◆ Goal of the exercise: All of the data should be given again word for word, though the images are to be left out.

◆ Available data:
· · ·
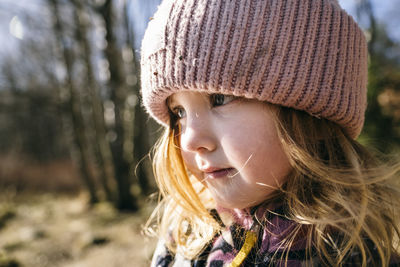 Close-up of girl in red knit hat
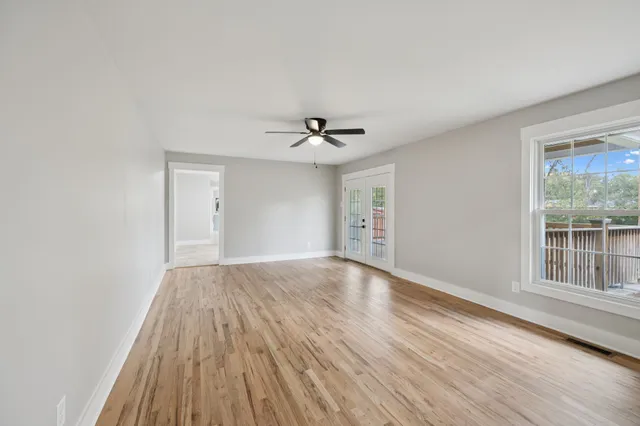 a view of an empty room with a window and wooden floor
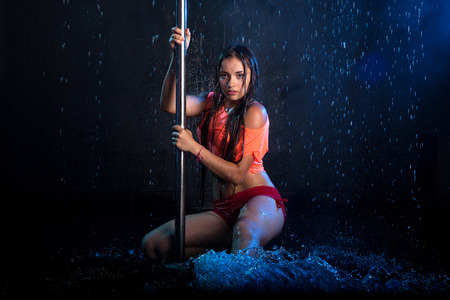 Young sexy woman pole dancer. Water studio photoの写真素材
· · ·
◆ Solution for this problem:
 Close-up of girl in red knit hat
 a view of an empty room with a window and wooden floor
 Young sexy woman pole dancer. Water studio photoの写真素材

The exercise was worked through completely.